WHAT THE TASK ASKS: Reproduce the records exactly through the line with "Седан Tesla Model 3 2019 в Львове".

===== PROVIDED INFORMATION

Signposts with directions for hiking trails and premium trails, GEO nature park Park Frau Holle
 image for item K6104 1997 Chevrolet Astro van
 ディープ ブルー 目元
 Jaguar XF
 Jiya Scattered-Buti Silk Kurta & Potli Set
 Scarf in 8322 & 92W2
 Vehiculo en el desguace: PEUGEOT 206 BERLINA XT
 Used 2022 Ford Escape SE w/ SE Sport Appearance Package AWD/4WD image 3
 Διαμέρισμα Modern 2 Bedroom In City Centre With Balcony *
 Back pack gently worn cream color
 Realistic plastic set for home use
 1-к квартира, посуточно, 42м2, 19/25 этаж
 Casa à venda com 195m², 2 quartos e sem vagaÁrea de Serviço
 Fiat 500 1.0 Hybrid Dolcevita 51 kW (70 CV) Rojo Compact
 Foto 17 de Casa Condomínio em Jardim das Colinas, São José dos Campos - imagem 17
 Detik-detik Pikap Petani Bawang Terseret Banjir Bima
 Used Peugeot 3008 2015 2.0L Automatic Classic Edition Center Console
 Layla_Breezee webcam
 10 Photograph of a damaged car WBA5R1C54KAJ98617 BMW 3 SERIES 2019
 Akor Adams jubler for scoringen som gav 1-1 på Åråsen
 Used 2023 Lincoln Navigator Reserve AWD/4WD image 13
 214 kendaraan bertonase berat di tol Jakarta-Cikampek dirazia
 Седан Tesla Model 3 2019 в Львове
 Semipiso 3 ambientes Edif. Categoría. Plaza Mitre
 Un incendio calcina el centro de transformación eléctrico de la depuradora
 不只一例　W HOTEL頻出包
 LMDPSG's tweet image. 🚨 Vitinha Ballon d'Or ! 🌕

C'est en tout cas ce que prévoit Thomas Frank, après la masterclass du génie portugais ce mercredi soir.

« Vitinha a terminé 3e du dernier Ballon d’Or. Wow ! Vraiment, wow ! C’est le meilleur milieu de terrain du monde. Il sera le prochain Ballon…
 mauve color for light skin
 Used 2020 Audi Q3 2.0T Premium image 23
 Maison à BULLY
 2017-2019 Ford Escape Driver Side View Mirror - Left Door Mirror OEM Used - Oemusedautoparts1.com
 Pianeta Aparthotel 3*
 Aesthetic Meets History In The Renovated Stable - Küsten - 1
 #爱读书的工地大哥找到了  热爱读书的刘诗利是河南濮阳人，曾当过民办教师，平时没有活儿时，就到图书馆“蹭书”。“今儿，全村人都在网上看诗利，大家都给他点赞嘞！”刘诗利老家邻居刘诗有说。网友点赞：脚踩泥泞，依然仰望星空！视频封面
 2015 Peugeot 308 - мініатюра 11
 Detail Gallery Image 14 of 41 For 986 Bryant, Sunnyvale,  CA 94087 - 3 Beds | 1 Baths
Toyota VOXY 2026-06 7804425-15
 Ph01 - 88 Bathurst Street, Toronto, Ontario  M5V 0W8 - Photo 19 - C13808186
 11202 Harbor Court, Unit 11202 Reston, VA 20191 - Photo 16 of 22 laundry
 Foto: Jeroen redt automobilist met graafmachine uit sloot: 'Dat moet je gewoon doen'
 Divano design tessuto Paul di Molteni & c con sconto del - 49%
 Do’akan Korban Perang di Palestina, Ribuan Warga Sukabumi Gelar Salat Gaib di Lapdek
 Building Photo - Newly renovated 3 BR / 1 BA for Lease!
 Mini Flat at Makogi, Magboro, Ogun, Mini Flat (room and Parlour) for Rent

==========

OUTPUT:
Signposts with directions for hiking trails and premium trails, GEO nature park Park Frau Holle
 image for item K6104 1997 Chevrolet Astro van
 ディープ ブルー 目元
 Jaguar XF
 Jiya Scattered-Buti Silk Kurta & Potli Set
 Scarf in 8322 & 92W2
 Vehiculo en el desguace: PEUGEOT 206 BERLINA XT
 Used 2022 Ford Escape SE w/ SE Sport Appearance Package AWD/4WD image 3
 Διαμέρισμα Modern 2 Bedroom In City Centre With Balcony *
 Back pack gently worn cream color
 Realistic plastic set for home use
 1-к квартира, посуточно, 42м2, 19/25 этаж
 Casa à venda com 195m², 2 quartos e sem vagaÁrea de Serviço
 Fiat 500 1.0 Hybrid Dolcevita 51 kW (70 CV) Rojo Compact
 Foto 17 de Casa Condomínio em Jardim das Colinas, São José dos Campos - imagem 17
 Detik-detik Pikap Petani Bawang Terseret Banjir Bima
 Used Peugeot 3008 2015 2.0L Automatic Classic Edition Center Console
 Layla_Breezee webcam
 10 Photograph of a damaged car WBA5R1C54KAJ98617 BMW 3 SERIES 2019
 Akor Adams jubler for scoringen som gav 1-1 på Åråsen
 Used 2023 Lincoln Navigator Reserve AWD/4WD image 13
 214 kendaraan bertonase berat di tol Jakarta-Cikampek dirazia
 Седан Tesla Model 3 2019 в Львове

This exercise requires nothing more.